I received an email today from my family doctor's clinic telling patients to be less particular about whether they get to see their doctor or not when they schedule an appointment with... their doctor. The parts I take issue with are in bold. Here's the email body:
Good Morning <clinic> Patients,
A Reminder to Our Patients: <clinic> is Proud to Be a Teaching and Team-Based Facility.
Medical learners (students and residents, most of whom are training to be family physicians) are an important part of our team. Physician assistants, nurse practitioners, and locum/covering physicians are also crucial to our clinic functioning.
With the help of our team:
- We are able to offer non-urgent appointments usually within 1-2 weeks.
- We are able to offer same-day appointments for urgent issues.
- We are able to continue to provide care to our current <clinic> patients at a time when there are a record number of family physicians leaving practice.
- We play an important role in training the next generation of family physicians.
There have been an increasing number of patients requesting appointments with their provider only (and declining to see other members of the <clinic> team). This causes significant disruptions to the clinic and affects our ability to provide equitable care to all <clinic> patients.
Moving forward, when you book an appointment, you should expect that you may see a medical learner, physician assistant, nurse practitioner, or a physician covering for your primary family physician. For many appointments, your family physician will be available to see you after you have been seen by another practitioner, if requested or needed. Please be aware that learners and physician assistants are supervised directly by your physician.
This team-based model of care may not be the right one for you, and if you wish to transfer your care to another clinic, we will be happy to waive the usual fee for transfer of records.
We appreciate the important role you play in medical education and making practicing family medicine sustainable.
Sincerely,
The physicians and staff at <clinic>.
So basically, patients want to see their doctors instead of medical students and the clinic is telling the patients to fuck off with their standards and expectations. Instead of building rapport, confidence, and sharing personal vulnerabilities with your family doctor, you can now expect to do it with random, unqualified, inexperienced people who you'll never see again and who don't know your history. If you don't like it, despite paying these fuckers' wages, you can pound sand.
FYI, when this email says the students and assistants are directly supervised, it's figurative. It means the students and assistants report to the doctors, not that the doctors are in the room while the assessments and appointments are conducted. You're expected to meet with these unqualifieds one-on-one. There used to be supervised appointments where medical students would simply shadow the doctor with permission from the patient, but that hasn't been the case for years.
Also, moving to another family doctor is extremely difficult. Most doctors have a maxed-out roster and are not accepting new patients. There are 2.3 million Ontarians without consistent access to a family doctor in a province of 14.5 million.
Canadian tax dollars at work.
Doomed.

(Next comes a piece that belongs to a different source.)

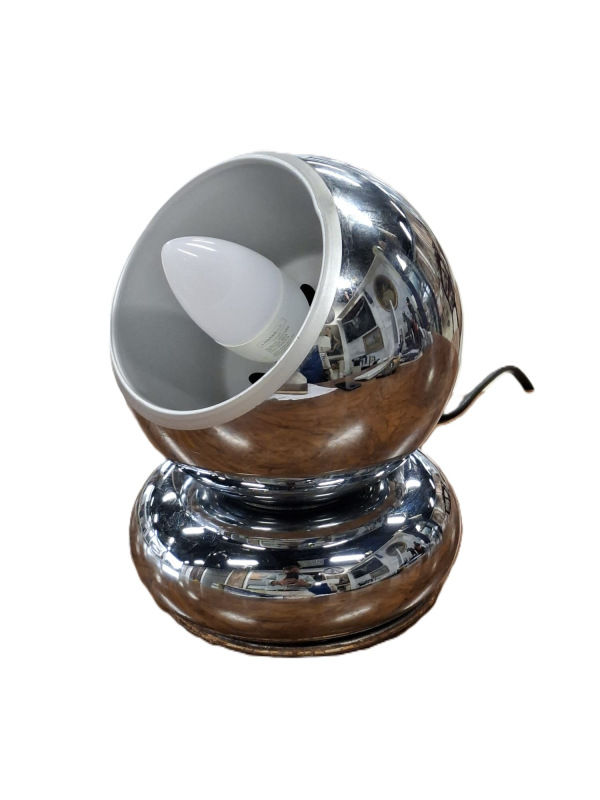 Dizajnová stolová retro lampa. Vico Magistretti pre Artemide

When they can't say 'equal' you know it's fucked. Equitable means no white men.
in a free market system, people who can pay for it get 10/10 medical care. extremely high quality. but some people get literally none. some people don't need any (e.g. i'm healthy, much cheaper to pay out of pocket, and only insurance for huge accidents). but some people can't afford much if at all, and still get 0-3 out of 10 even though they need healthcare.

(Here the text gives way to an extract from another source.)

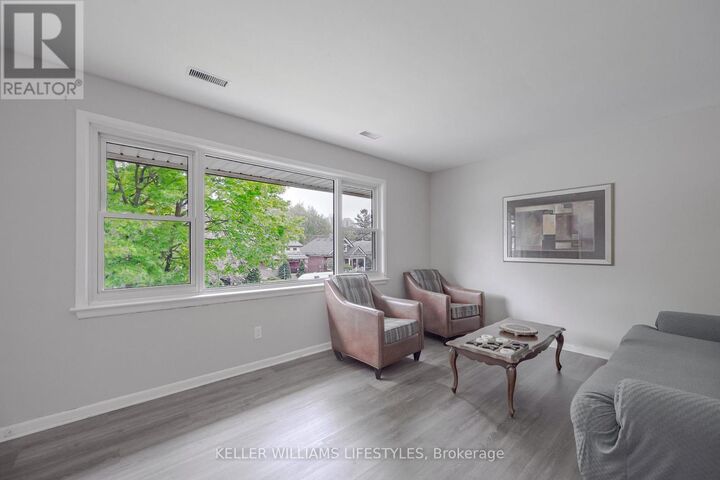 Property Photo:  84 Wilson Avenue #Upper #SE  ON N6H 1X6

what "equity" is doing is saying that it's not fair that some people can afford 6-10 out of 10, so what they're going to do is regulate it out of existence. rich and wealthy people will still be able to go to another country and get it... they already do this. as much as the US has expensive medical care, and as much as the US has a lot of outbound medical tourism, there's also a ton of medical tourism TO the US by rich people seeking out the best.

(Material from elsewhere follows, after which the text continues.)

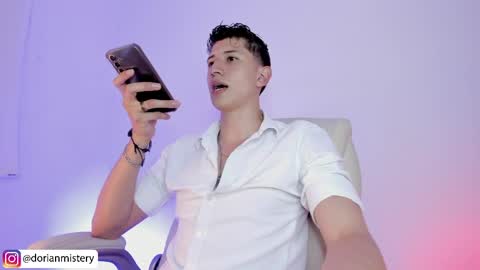 dorian_mystery online show from April 7, 11:04 pm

but then the programs realize that they can't afford 5/10 for everyone, so it's usually a 2/10 in quality of care. this is the shit you're seeing right here. and it will only get worse.
but wait, there's more! tons of NGOs and "studies" gaslight people into thinking the quality of care in these socialist countries is so high. it's not. when you look at healthcare metrics, they always massively overweight pervasiveness of care levels. so everyone who doesn't have insurance, or who intentionally has cheap insurance (healthy people like me), is automatically counted as being basically 0/10. even worse, some even add in disparity in care levels, like a genii coefficient, complaining that some people getting amazing care somehow prevents others from getting care. these people look at healthcare as one total spend pile that is to be divvy'd up under socialist principles, not as individuals being able to make our own choices.
Yep equitable means everyone and everything is going to shit and will be alot worse than before. But there won't be anybody getting good treatment. Everyone's will be equally bad or non-existent.
The point of healthcare systems at this point is to extract money from people. They are working as intended and that’s the problem. The point of a system is what it does.